**Required action:** Will you output all of the data below exactly, omitting the images?

**Data shown:**
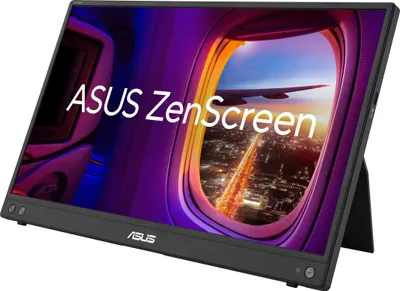A portable ASUS ZenScreen monitor displaying a scenic view from an airplane window.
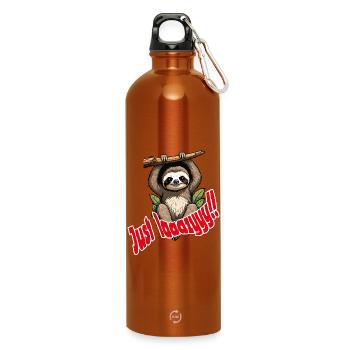 Süßer Faultier mit humoristischem Spruch - Trinkflasche mit Karabiner 750 ml - Orange - Vorne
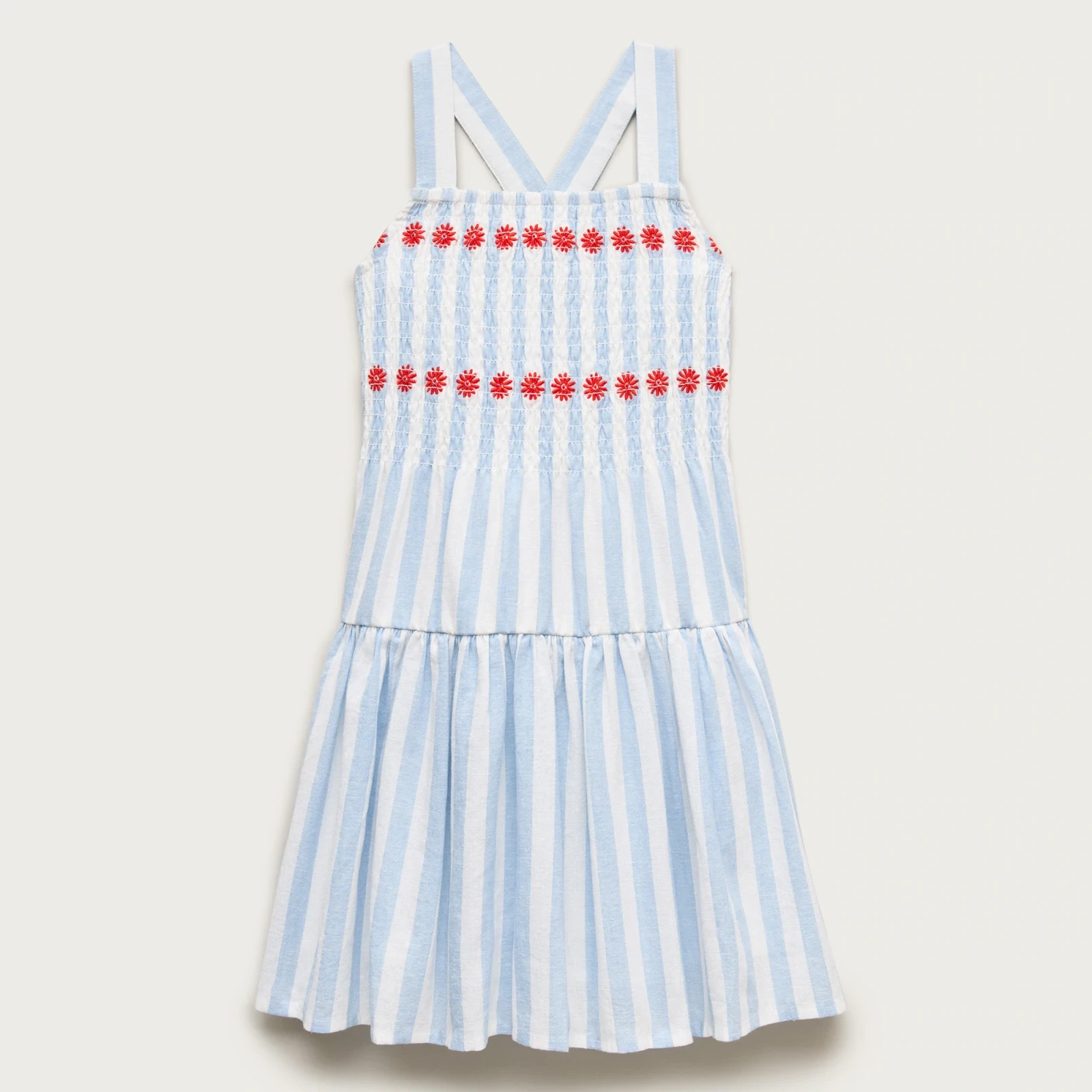 Girls' cross-back dress in linen-cotton blend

**Problem solution:**
A portable ASUS ZenScreen monitor displaying a scenic view from an airplane window.
 Süßer Faultier mit humoristischem Spruch - Trinkflasche mit Karabiner 750 ml - Orange - Vorne
 Girls' cross-back dress in linen-cotton blend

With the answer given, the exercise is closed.